Tuesday, September 20th, 2016

Olympus used Photokina to announce their new flagship professional model Micro Four Thirds mirrorless camera – the E-M1 Mark II which they say improves upon the original model in nearly every aspect and leap frogs above APS-C cameras in terms of speed and value to the photographer.

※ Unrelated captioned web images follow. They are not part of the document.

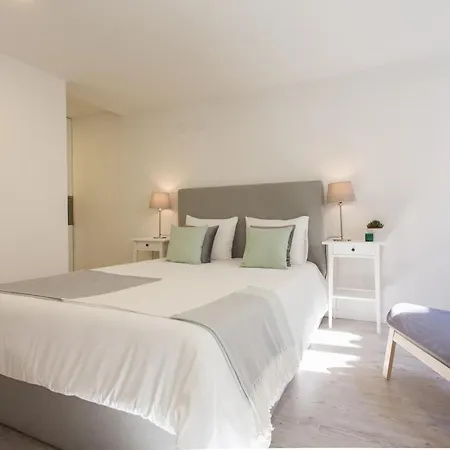 Santana Location * Лиссабон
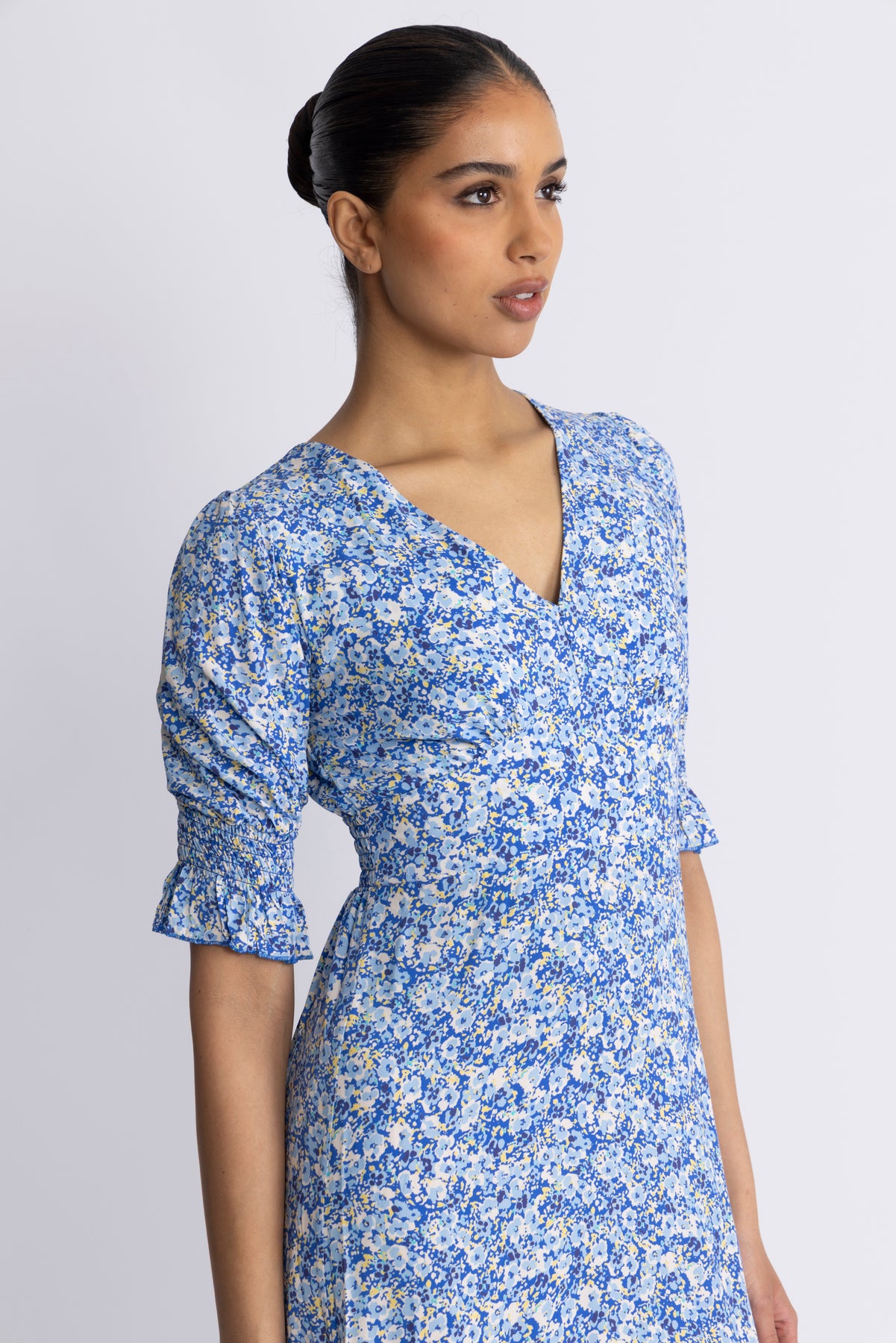 Koko Dress Long Open Back Short Sleeves - Sky Blue Flower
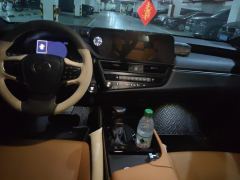 Lexus ES 200 Excellence Edition - photo 16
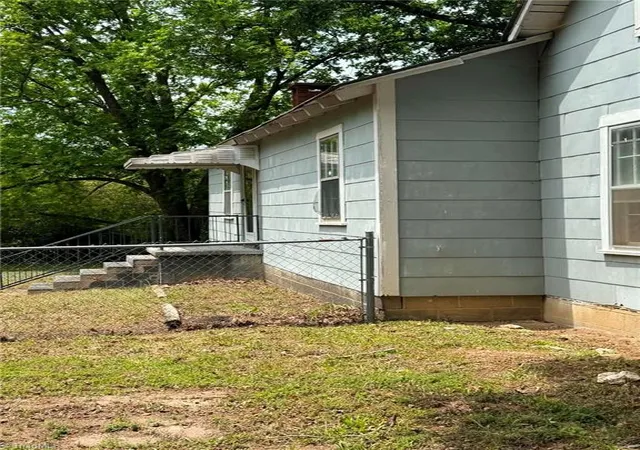 Photo 3 of Single family home for sale at 1423 Westchapel Rd, Asheboro, NC 27205 | MLS# 1234885 | Listing updated on 2026-09-08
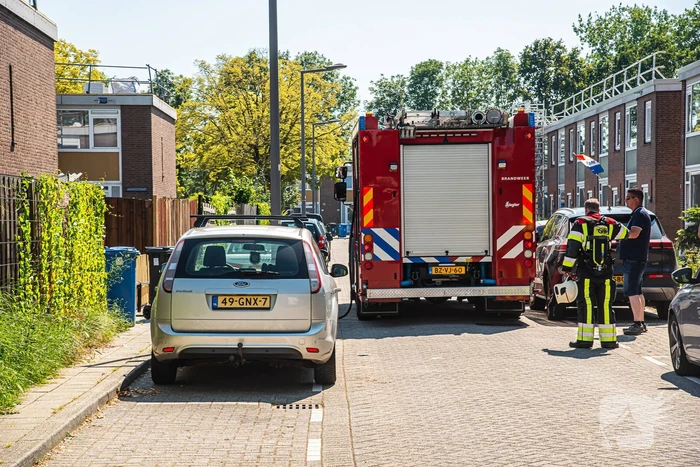 Vergeten gasflessen op het dak blazen af in verband met hitte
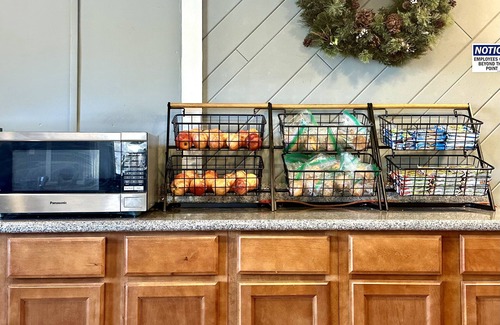 Downtown Hotel | Days Inn by Wyndham Pensacola - Historic Downtown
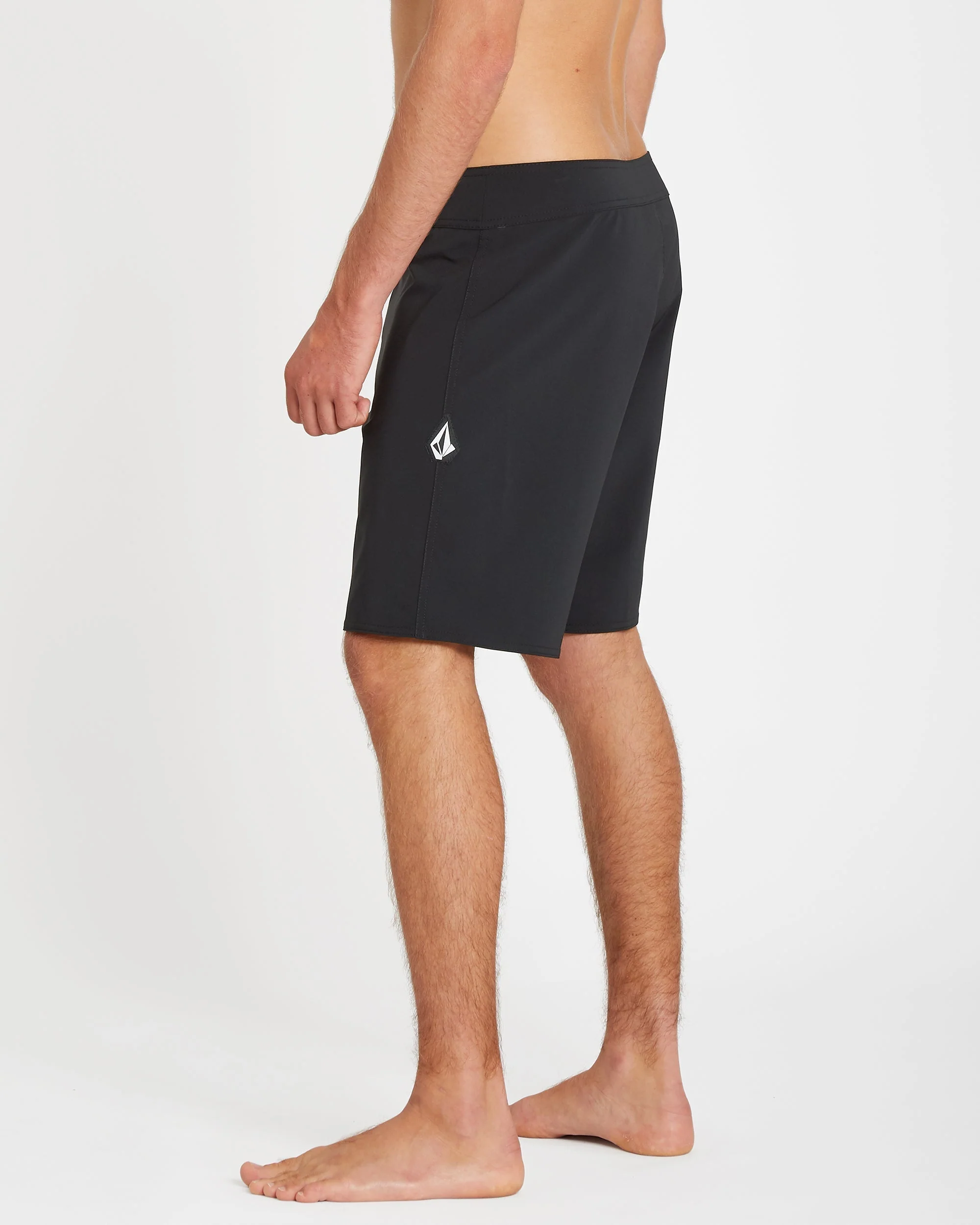 Lido Solid Mod 18" Boardshorts - Black - Image 3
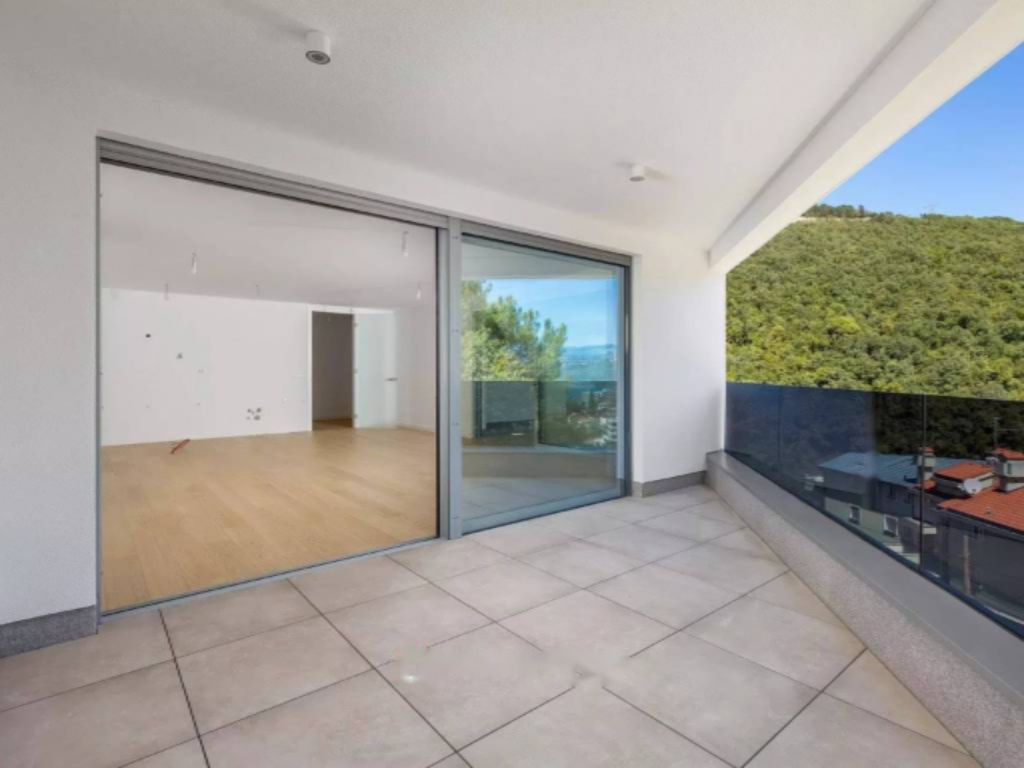 Flat in Opatija, Croatia, 103 m² - picture 13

I must say the specs to blow away the newly announced Canon EOS M5 mirrorless camera even if you don’t consider the amazing range of dedicated fast AF lenses available for Micro Four Thirds.

Specifications:

  • FASTER, MORE ACCURATE BURST MODE
    • 18fps full size RAW with C-AF in electronic shutter mode
    • 60fps full size RAW with locked S-AF in electronic shutter mode
    • 2x more buffer capacity
    • 3x faster internal write speed
    • 50% faster start up time from camera switch on
  • PDAF area coverage now 81% greater than in Mark I, now covers ~80% of each frame dimension, up from 60%
  • 3.3x more AF points – all 121 PDAF AF points are now cross-type and offer DUAL FAST AF with PDAF and CDAF which are used in every shooting mode.
  • new AF algorithm for much better subject tracking as well as in detecting subject from background even when background is close and of similar colour and texture
  • new “AF Cluster Display” can display the AF points being used to track the subject in real time
  • new “PRO Capture” can start capturing images as soon as you start to depress shutter and up to you depress shutter fully allowing lag free pre-capture of 14 RAW frames to reduce chance of missing a precise moment
  • new electronic viewfinder with faster 120 fps refresh rate and shorter 6msec reaction time giving crisp and smooth vision giving 60% faster response rate
  • as with Mark I, it is dustproof, splashproof and freezeproof with similar form factor
  • reliability improvements:
    • new battery compartment
    • new battery is longer lasting and charges faster
    • improved grip which is more secure and offers better handling
    • at last we get dual SD card slots and UHS compatibility
  • image quality:
    • new 20Mp live MOS sensor with low power consumption and higher speed data read out and improved dynamic range and noise performance of 1 f stop better noise
    • TruePic VIII double quad core image processor
    • re-developed image stabilisation system now gives 5 axis Sync IS at up to 6.5EV stabilisation!
    • 50/80mp HiRes shot with image blur of moving subject prevented using TruePic processor
      • should be awesome for high resolution tripod product shots or film scanning with less moire than with dSLRs
    • 4K video up to 30P and Cinema 4K at 237Mbps quality
  • optional accessories include:
    • HLD-9 / AC-5 battery holder grip with keypad for use in either landscape or portrait orientation
    • RM-CB2 remote cable
    • FL-900R weather sealed flash with GN 58 and compatible with 10fps sequential shooting
    • STF Twin Flash for macro and 1st of kind to be weathersealed
    • PT-EP14 underwater case
    • improved Olympus PRO Service
      • next day delivery replacement unit for professionals if they choose additional paid Advanced or Elite level of service in selected countries
      • default Standard Plus level of service applies to all registered users
      • video hotline to help resolve issues before sending camera to repair

New PRO lenses:

Olympus mZD 25mm f/1.2 PRO

  • wide aperture standard lens for shallower depth of field and lovely bokeh as well as for low light work
  • weathersealed
  • manual focus clutch?
  • RRP $US1199?
  • see my wiki page for more details

Olympus mZD 12-100mm f/4 IS PRO

  • 1st ever travel professional grade 8.3x zoom lens covering 24-200mm in full frame terms at constant wide aperture of f/4
  • optical IS for Sync IS at up to 6.5EV IS with the E-M1 MkII
  • weathersealed
  • manual focus clutch
  • close focus to 15cm adds macro capability
  • RRP $US1299?
  • see my wiki page for more details

 

Photokina 2016 press event video

Okay, I am impressed – at last on paper – now for the reviews – I will post links to these on my wiki page as they are available.